Copernicus – a game-changer in academia-business relationships

The Space sector in Europe has been boosted by the Copernicus programme, bringing ample socio-economic and environmental benefits to public sector, businesses and citizens. To foster a globally competitive European space sector and ensure European autonomy in accessing and using space in a safe and secure environment, it is necessary to stimulate the integration of space into European economy and society.

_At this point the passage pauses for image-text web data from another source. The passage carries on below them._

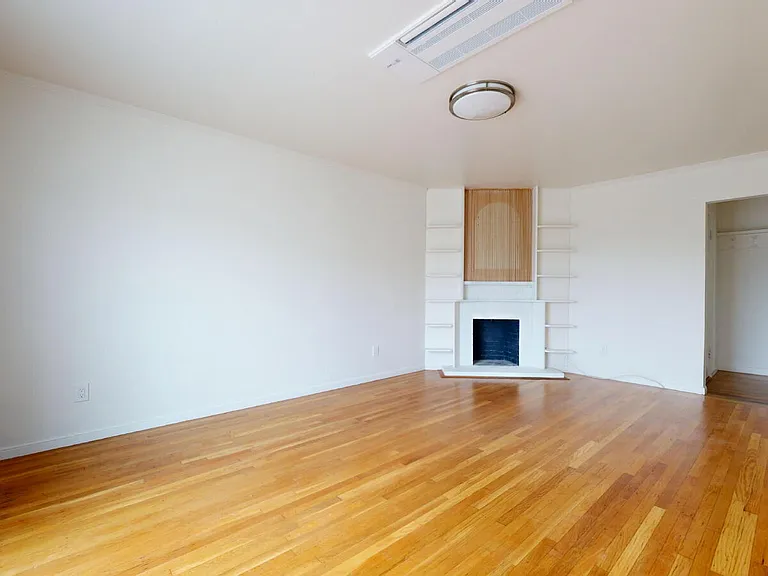 2337 Judah St — Photo 2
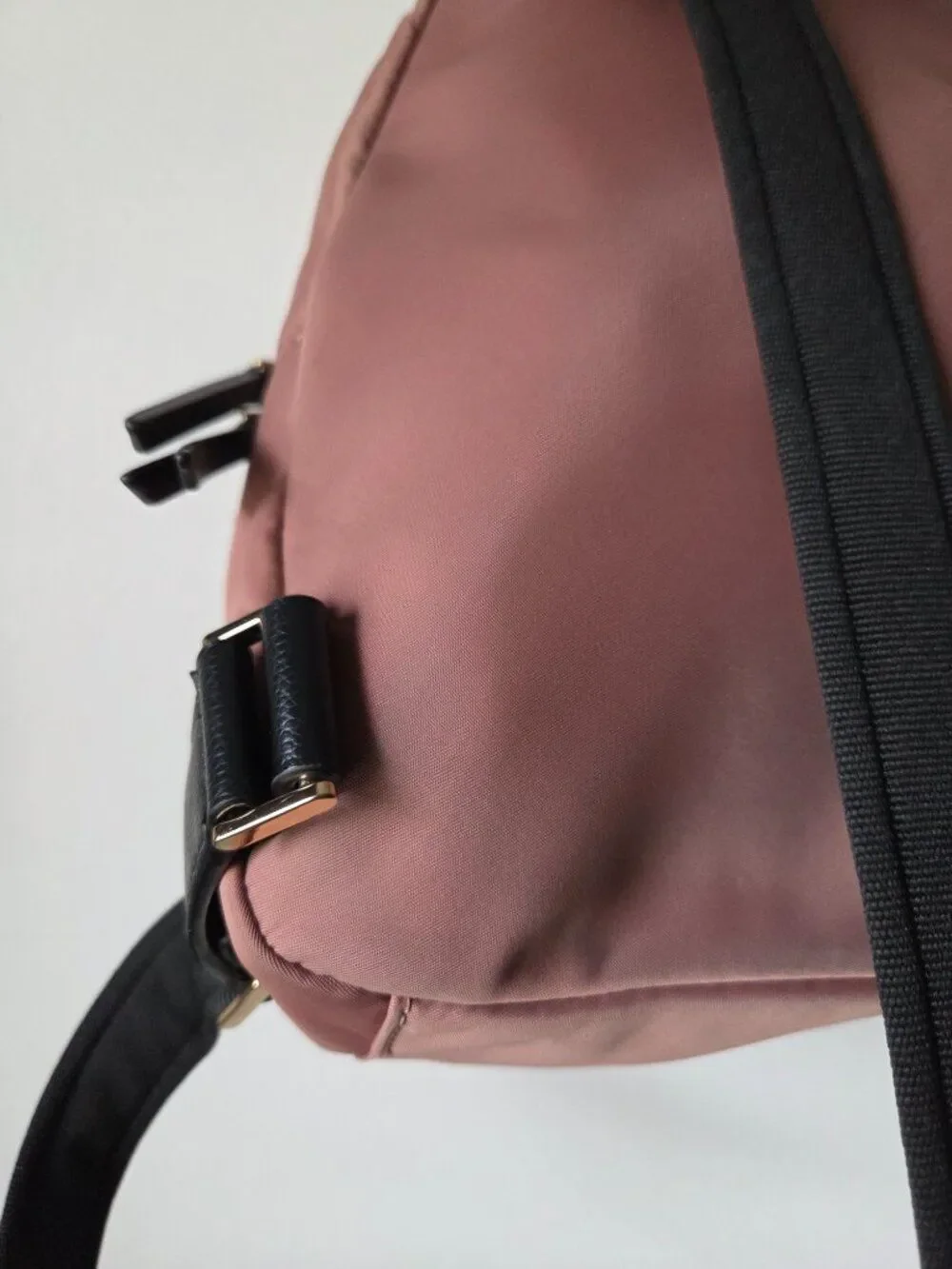 EUC KATE SPADE TAUPE BACKPACK MEDIUM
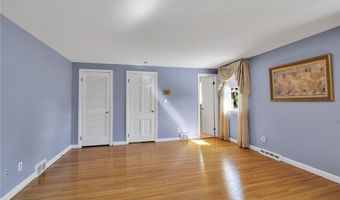 92 Dan Troy Dr, Amherst, NY 14221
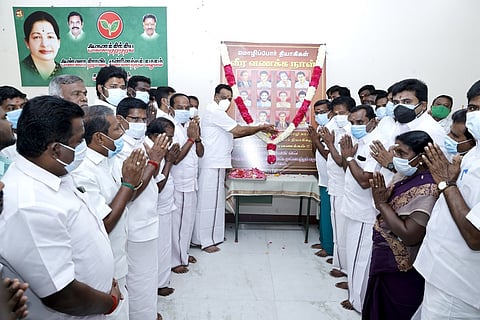 கரூா் மாவட்ட அதிமுக அலுவலகத்தில் மொழிப்போா் தியாகிகள் படத்துக்கு மாலை அணிவிக்கிறாா் முன்னாள் அமைச்சா் எம்.ஆா்.விஜயபாஸ்கா்.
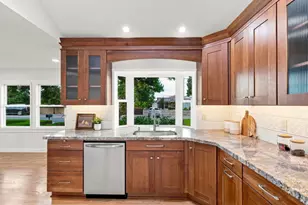710 Seventh Ave, Redwood City, CA 94063 - Photo 10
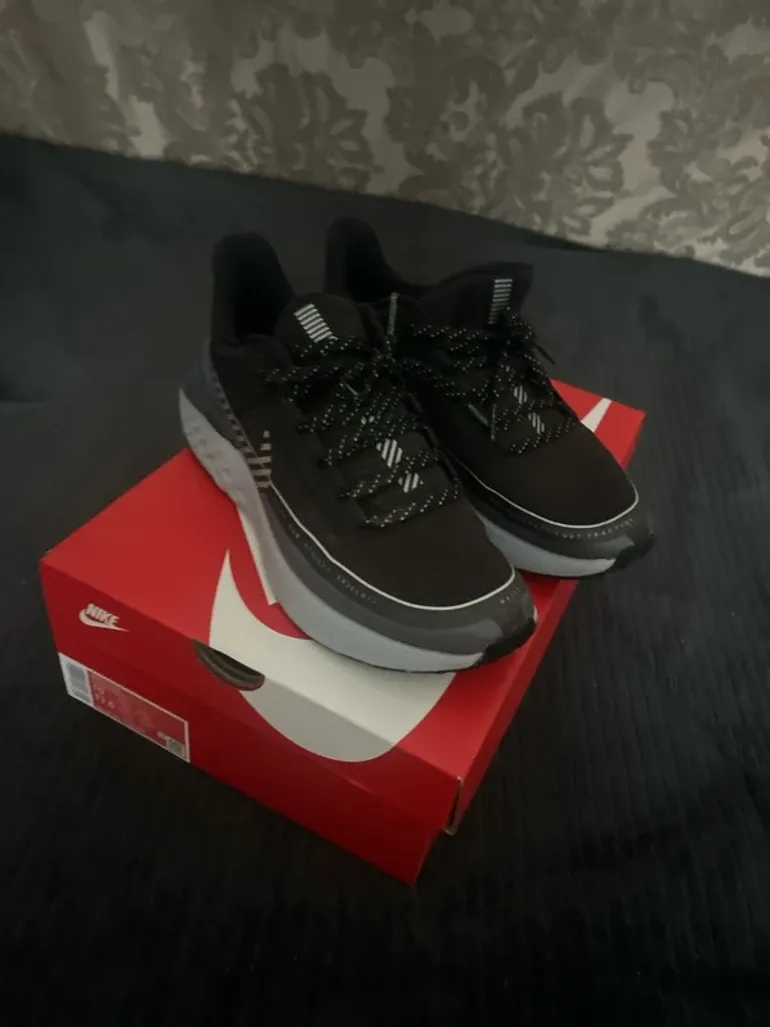 Gebrauchtes Nike Run Utility Shield bike — Bild 2 von 4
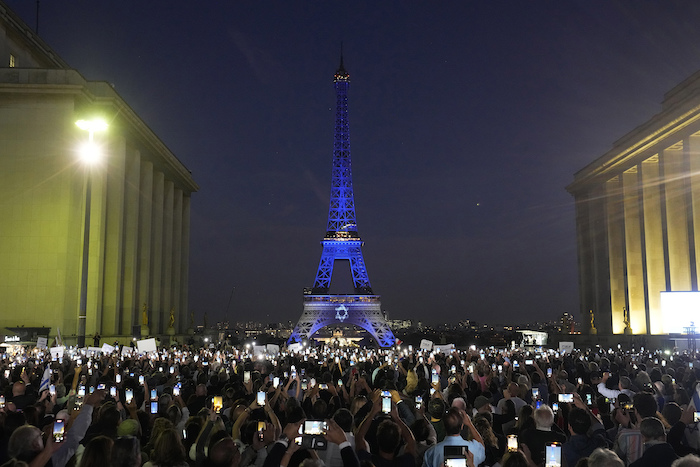 La Torre Eiffel se ve iluminada con los colores de Israel tras una manifestación en apoyo a Israel, el lunes 9 de octubre de 2023 en París, dos días después de que milicianos de Hamás emprendieran un ataque contra Israel desde varios frentes.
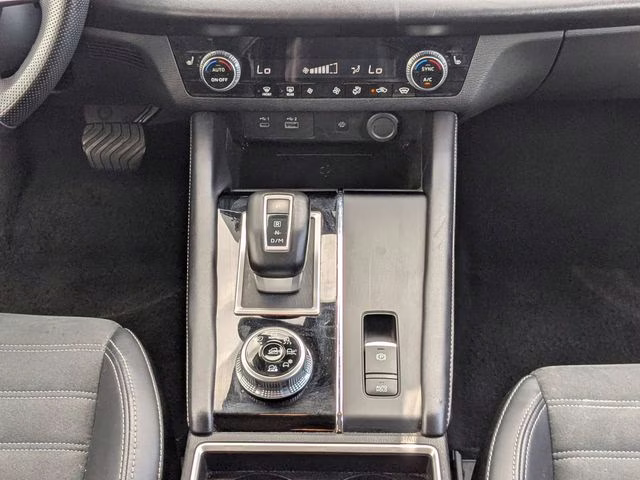 2024 Cosmic Blue Metallic Mitsubishi Outlander SE AWD SUV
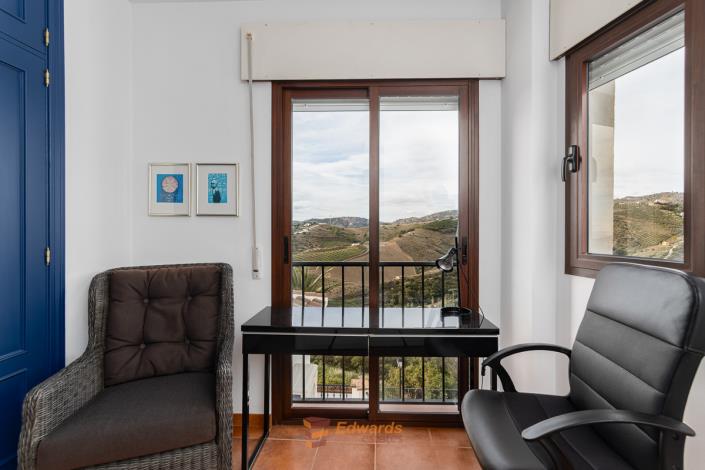 Image No.17-2 Bed Apartment for sale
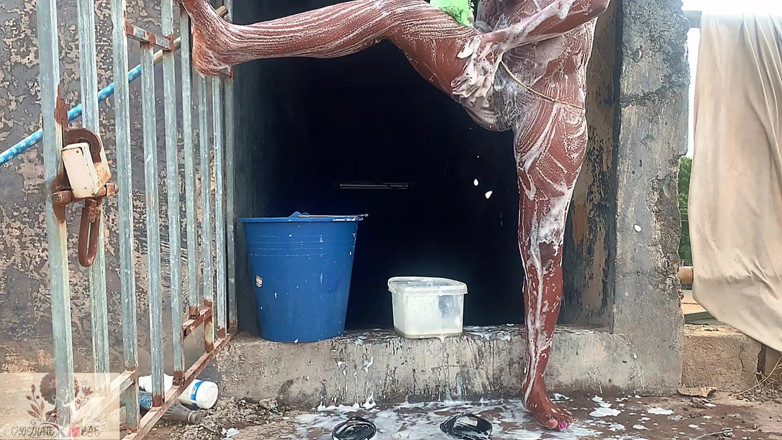 Naturelle Chocolat: Sexy koupání vesnického stylu, láska cítí, jak vánek kouří můj šťavnatý...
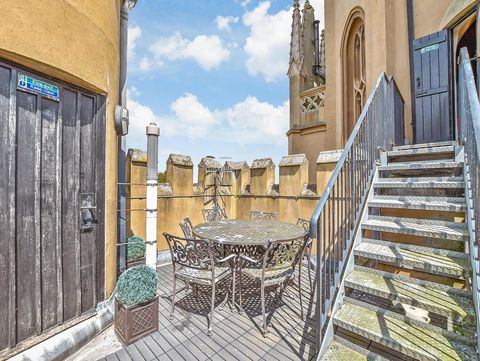 Dachterrasse mittlere Ebene mit Zugang zum Turm Fine_Country3.jpg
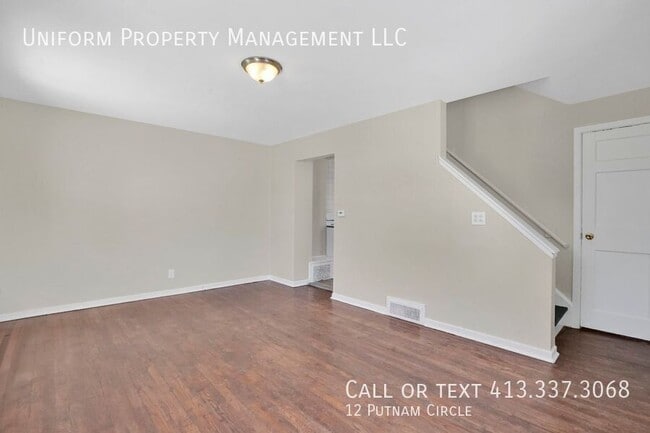 Photo - 12 Putnam Cir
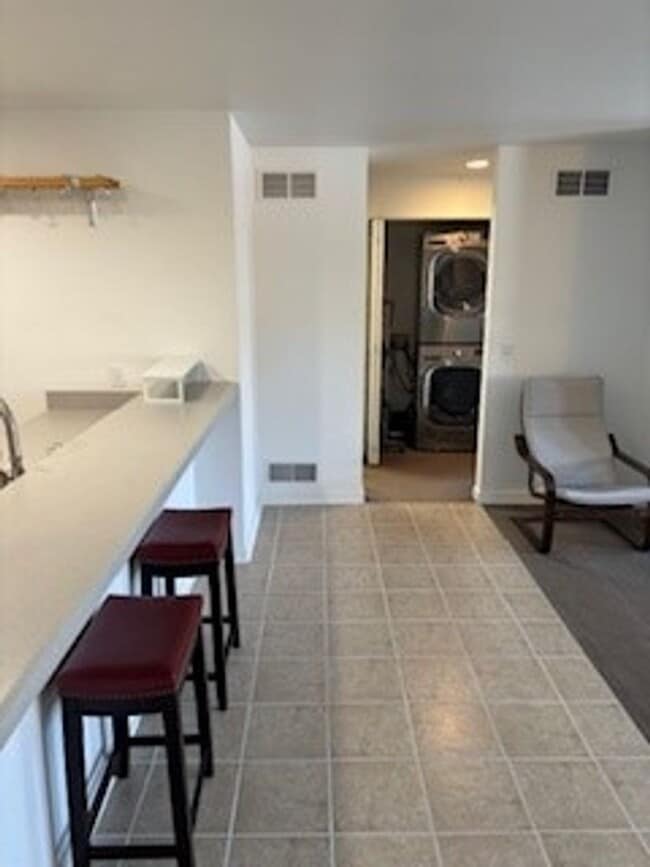 Building Photo - Bright and Spacious Condo for Rent in Downtown Verona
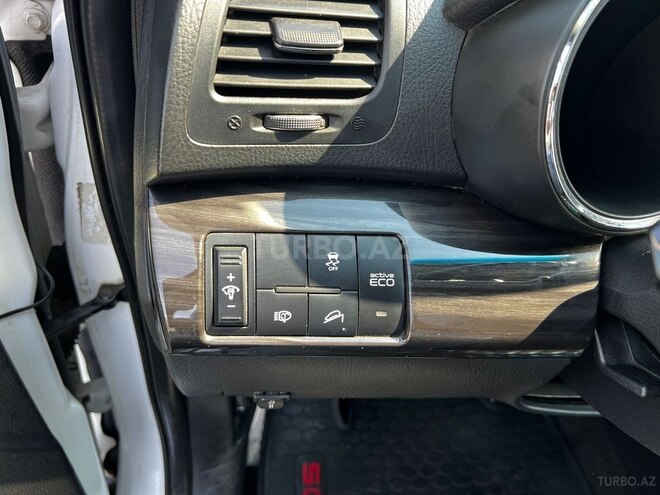 Kia Sorento 2011, 220,000 km - 2.0 l - Bakı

Authors: Stefan Lang, Department of Geoinformatics – Z_GIS & Peter Zeil, Spatial Services GmbH

The unique investment of the European Member States into the development and operation of Copernicus provides the data resources for innovative solutions to crucial challenges faced by our societies. For innovation to be realized, a constant stream of inventions (from research) needs to be validated as robust and relevant through the adoption by diverse user communities. For the maximisation of the impact of Copernicus, sustainable user uptake activities are required, strongly supported by the Copernicus Academy and Copernicus Relays networks.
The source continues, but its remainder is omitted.